▶ **Work order**: Skip every picture, and output exactly the lines starting at the one with "this 600×513 image." and running through the last line of the material below.

▶ **Supplied material**:
· · · · ·
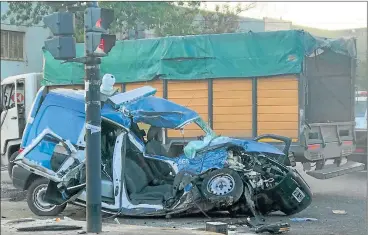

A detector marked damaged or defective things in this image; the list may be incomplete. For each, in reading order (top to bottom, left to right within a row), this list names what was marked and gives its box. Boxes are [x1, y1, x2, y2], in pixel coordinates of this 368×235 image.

torn vehicle roof [123, 95, 200, 129]
crumpled vehicle door [15, 126, 85, 204]
severely crushed car [10, 86, 310, 218]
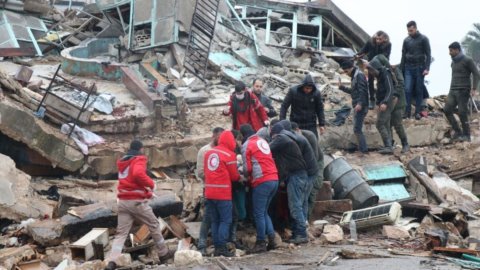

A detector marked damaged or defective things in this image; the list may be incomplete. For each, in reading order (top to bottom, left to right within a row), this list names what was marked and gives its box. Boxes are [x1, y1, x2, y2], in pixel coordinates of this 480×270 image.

rusty barrel [322, 156, 378, 211]
broken furniture [69, 229, 109, 260]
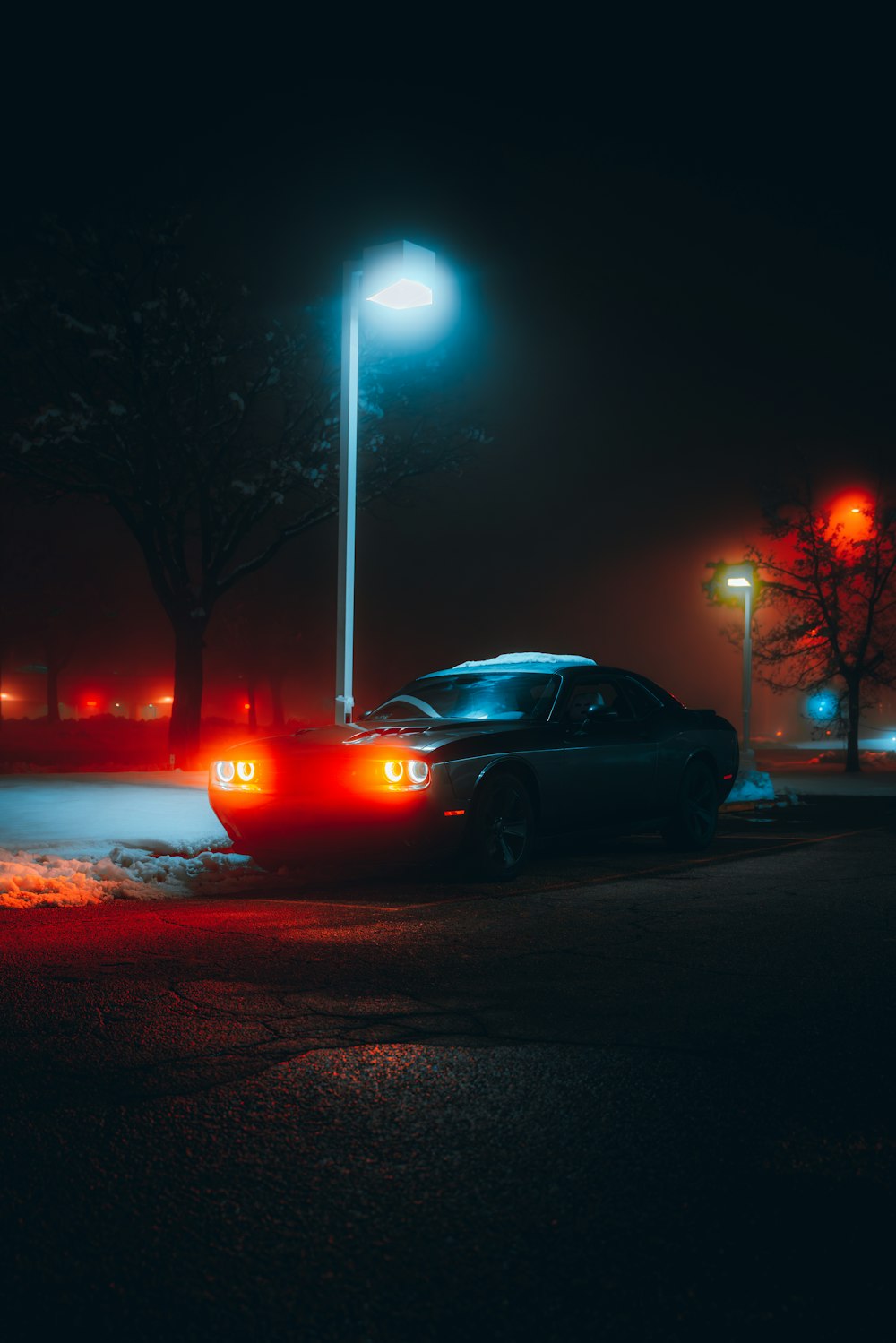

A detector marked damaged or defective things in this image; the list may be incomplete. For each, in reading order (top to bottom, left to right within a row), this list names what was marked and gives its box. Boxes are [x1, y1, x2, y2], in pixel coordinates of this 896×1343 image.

cracked pavement [1, 803, 896, 1333]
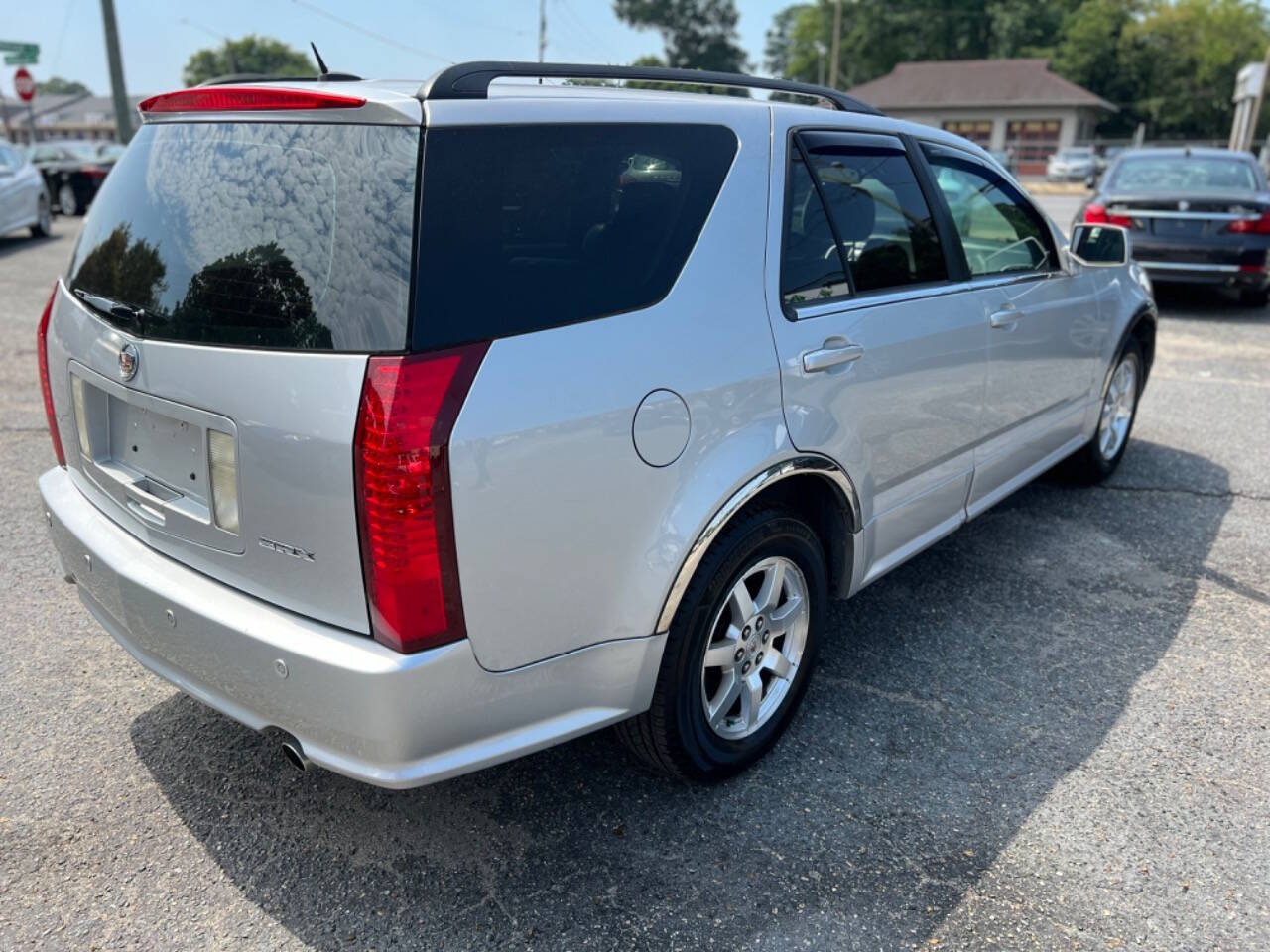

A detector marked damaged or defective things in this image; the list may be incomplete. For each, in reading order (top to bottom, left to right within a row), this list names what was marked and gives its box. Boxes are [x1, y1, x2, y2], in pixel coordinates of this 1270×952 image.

cracked asphalt pavement [0, 211, 1264, 949]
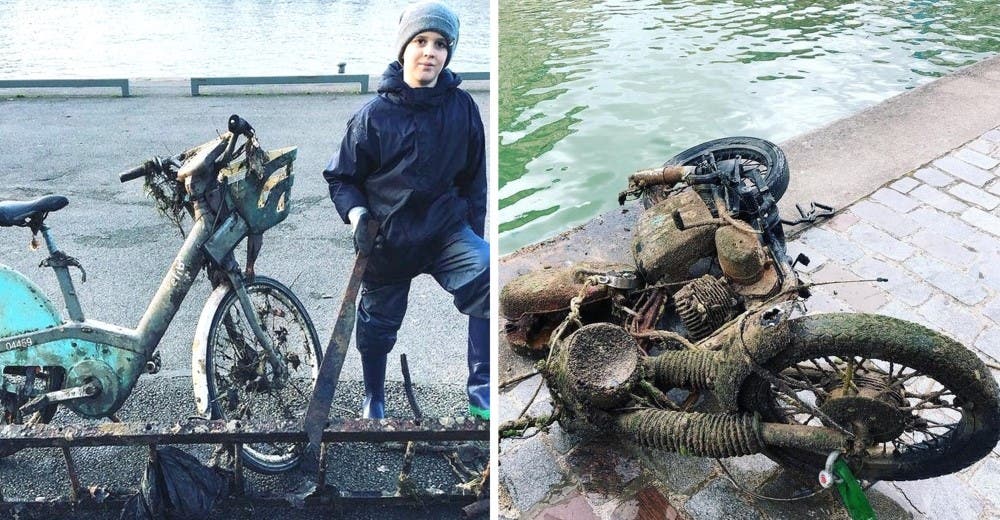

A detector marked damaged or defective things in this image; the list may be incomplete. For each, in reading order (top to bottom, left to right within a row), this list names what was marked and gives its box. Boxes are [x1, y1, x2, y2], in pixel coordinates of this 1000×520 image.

rusted motorcycle [0, 116, 318, 474]
rusty metal bar [0, 414, 484, 446]
rusted motorcycle [500, 137, 1000, 480]
rusted moped [504, 137, 1000, 480]
rusted bicycle [504, 136, 1000, 482]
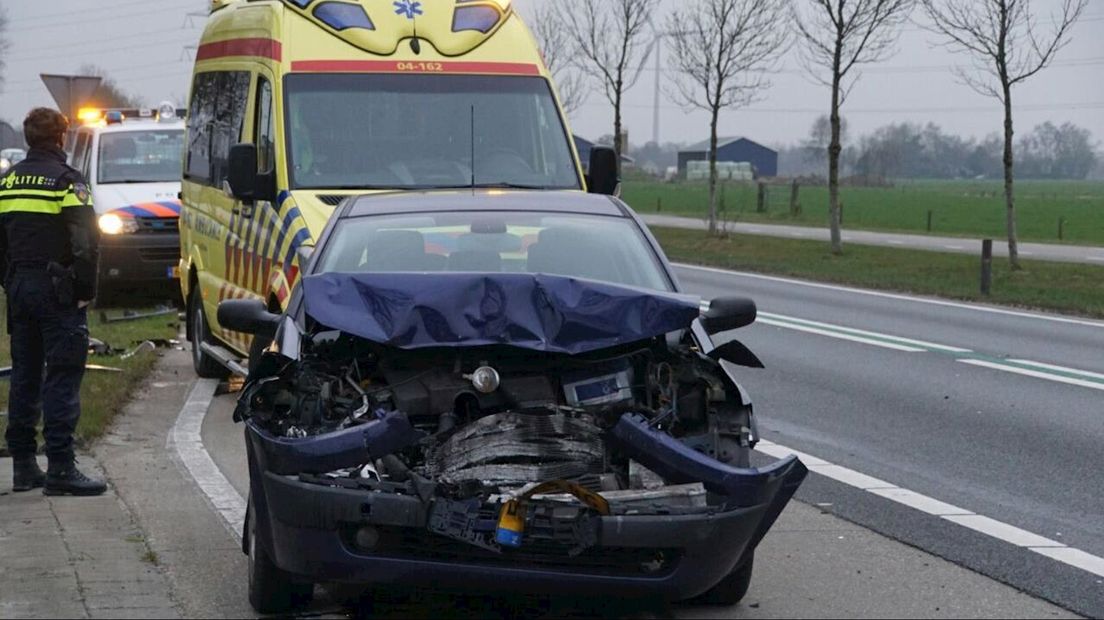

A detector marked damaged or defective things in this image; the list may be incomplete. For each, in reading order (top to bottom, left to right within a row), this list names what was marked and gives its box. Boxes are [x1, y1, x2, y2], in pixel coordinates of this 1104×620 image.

crumpled hood [302, 272, 700, 354]
heavily damaged car [220, 191, 808, 612]
broken bumper [246, 416, 808, 600]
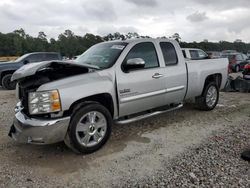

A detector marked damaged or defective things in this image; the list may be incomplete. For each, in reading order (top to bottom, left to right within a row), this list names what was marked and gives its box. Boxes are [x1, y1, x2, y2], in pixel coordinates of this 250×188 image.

crumpled front hood [11, 60, 92, 81]
broken headlight [28, 90, 61, 114]
damaged front end [8, 61, 93, 145]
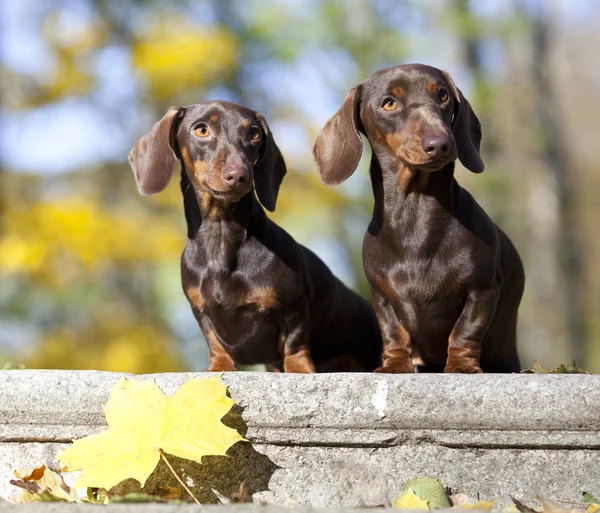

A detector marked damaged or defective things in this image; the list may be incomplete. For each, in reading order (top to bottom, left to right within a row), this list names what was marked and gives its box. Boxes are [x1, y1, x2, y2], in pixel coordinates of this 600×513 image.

cracked concrete edge [1, 368, 600, 444]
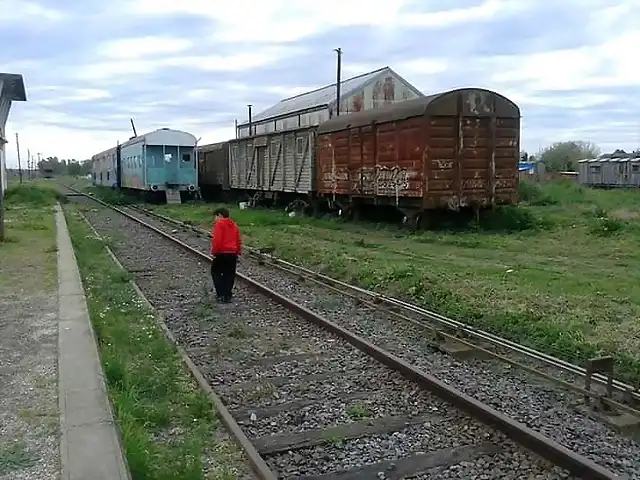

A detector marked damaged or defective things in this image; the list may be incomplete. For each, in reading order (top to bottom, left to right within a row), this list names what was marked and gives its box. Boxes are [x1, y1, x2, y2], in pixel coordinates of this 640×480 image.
· · · · ·
▶ **Answer to this exercise**:
A detector marked damaged or defective things in this image; the list may be incomplete. For each, in reading order (top to bottom, left to right within a row), this list names what was marked and gives its box. Boxes are [x1, y1, x2, y2], in pixel coordinates of this 600×513 image.

cracked concrete edge [1, 368, 600, 444]

A detector marked damaged or defective things in this image; the list may be incomplete. For each, in reading order (top to bottom, left to right within a row), this list names what was marked and gives its box. Boxes are [x1, y1, x2, y2], in pixel coordinates of this 640×480 image.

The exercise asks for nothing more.